# rubber pellets



## fishhead (Jul 19, 2006)

Can anyone tell me about shotgun shells filled with rubber pellets? Range? Safety?

I'm interested in using them to discourage stray dogs.


----------



## EDDIE BUCK (Jul 17, 2005)

Don't know about rubber pellets,but I've heard dry rice works good.Might try some on a board at different ranges first.


----------



## GREENCOUNTYPETE (Jul 25, 2006)

I have a few, were given to me , i havn't shot them . 

we used to use a red ryder to discurage dogs they don't get thru the hide just sting and bounce off.
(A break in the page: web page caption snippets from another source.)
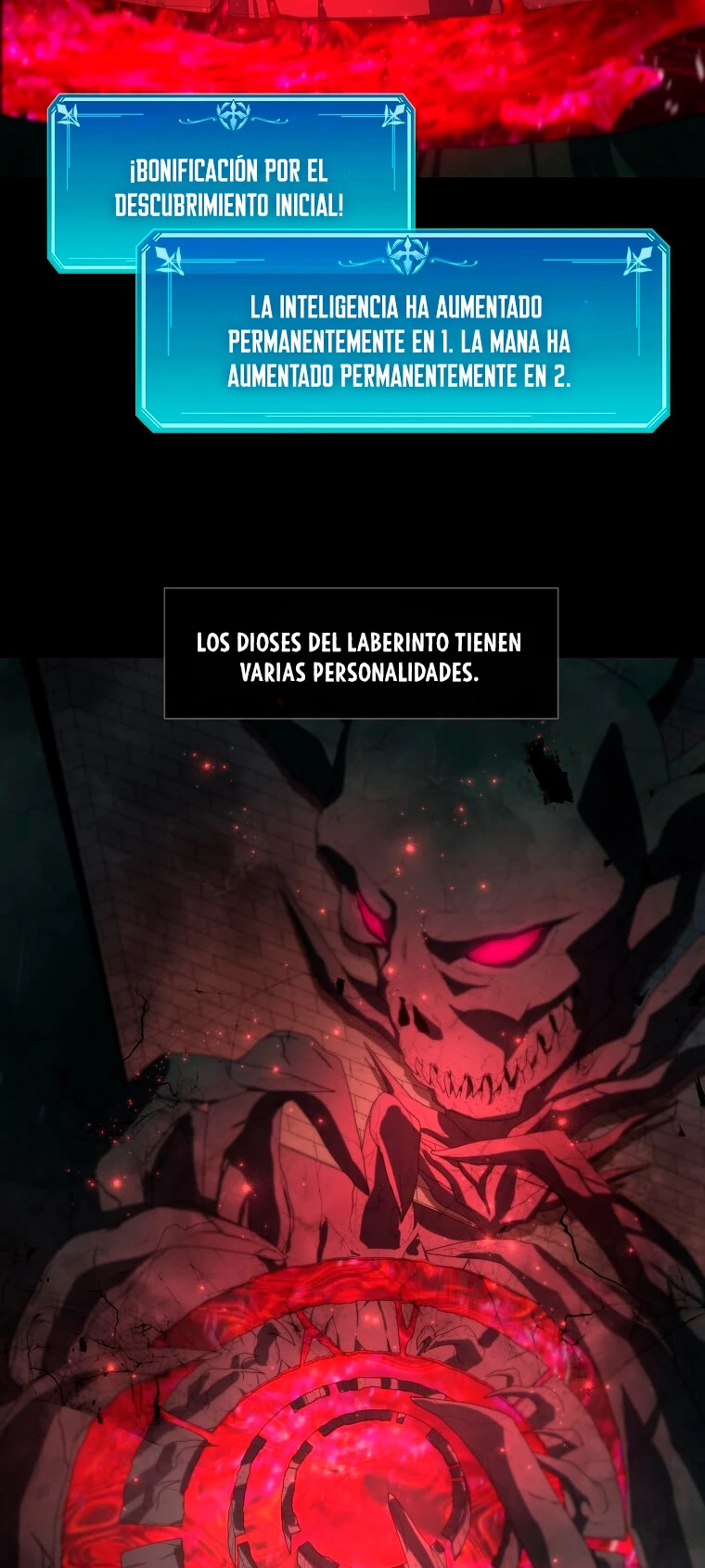 Subiendo de nivel con las mejores habilidades Capitulo 16 página 22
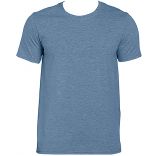 T-shirt homme col rond softstyle 6400 - Heather Indigo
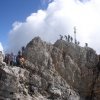 Zugspitze über das Wiener-Neustädter Haus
but you can't be sure about the spread of a rubber buckshot , so if you would have been justified in shooting the dog in the first place 

same as you have to be to use them on people , so why bother 

i have one older freind ,was shot with rock salt as a kid , 40 yards or so his hole back side , worste part was he was watching the kid who was stealing the peaches , it went thru his shirt and pants and inbedded in his skin and burned he said he layed in a cold creek for an hour trying to make the burning stop , before he went home and his mom patched him up. for him no point a black/NA kid in 1950 west virginia in calling the police to complain about being shot , he was watching a crime of peach theaft even though he wasn't doing it himself


----------



## PyroDon (Jul 30, 2006)

Ive reloaded 20 Ga shells with the rubber "zebra"pellets they used to sell .
roughly 22 cal yellow rubber balls , they were effective for a little over 35 ft with a light powder load (think trap load) 
Of course silicone caulking makes a good dog deterent if you use a full plastic wadd .
Tape the splits in the wad your using for a mold and put about 1/4" of caulking in , let that set up and repeat until you have the wad full remove the silicone plug and load in another shell .
these have about the same range but at close range they will break ribs on a dog .
Think you'll need to do reloading unless you can get a hold of some LEO bean bag shells


----------



## fishhead (Jul 19, 2006)

Thanks for the idea. I never thought about silicone chaulking.


----------